Ravindra Hewa KURUPPUGE, Athula EKANAYAKE, Alexandru Mircea Nedelea


Family businesses have been widely researched over the years. For instance, scholars attempted to distinguish family businesses over nonfamily businesses using many criteria. Although there is no commonly accepted such criteria to identify family businesses more specifically, family power has been identified as a key criterion to explain the governance of family businesses. Following qualitative research approach and undertaking four case studies this paper aims to explain the ways in which family power shapes the governance of family businesses. The existing literature suggests, among other things, that family ownership and their involvement in management contribute heavily on the governance of family businesses. The notions of agency and stewardship theories propose that family power could create positive outcomes such as minimizing agency costs between owners and managers.
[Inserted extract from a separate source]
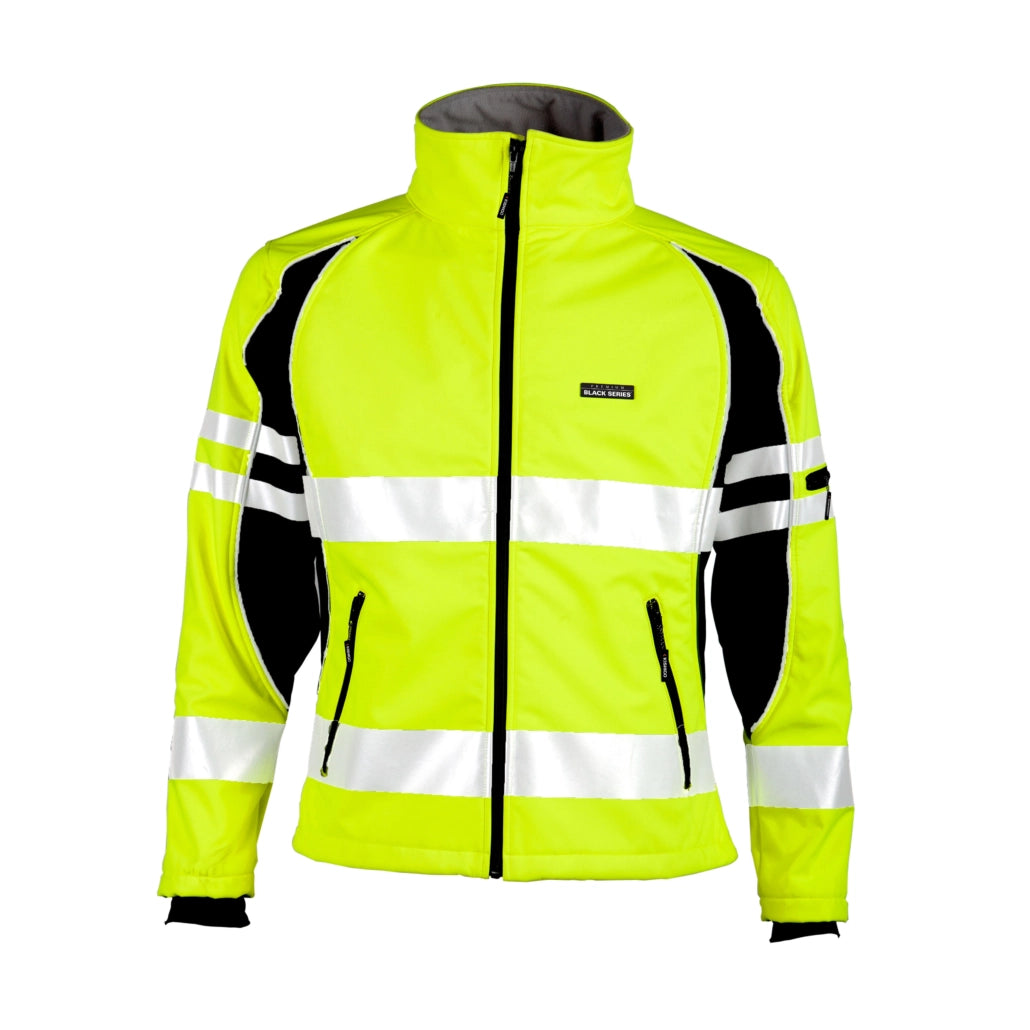 WOMEN’S SOFT SHELL JACKET- JS144 Lime/Orange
However, it can also form governance issues due to lack of professional management particularly when the organizations become larger. Data were gathered through interviews of directors, owner-managers, family-tied non-executive employees of the four family owned businesses, and analyzed in three interactive processes, namely data reduction, data display, and conclusion drawing and verification. The findings suggest that the ownership control influence differently on the governance of family owned businesses depending on whether the family business is single owned or multiple owned. Further, the findings also suggest that the family management plays a significant role in the governance of family owned businesses. It was revealed that the level of involvement of family members on governance vary depending on the extent that family members represent at the directorate, managerial and non-managerial levels of the family businesses.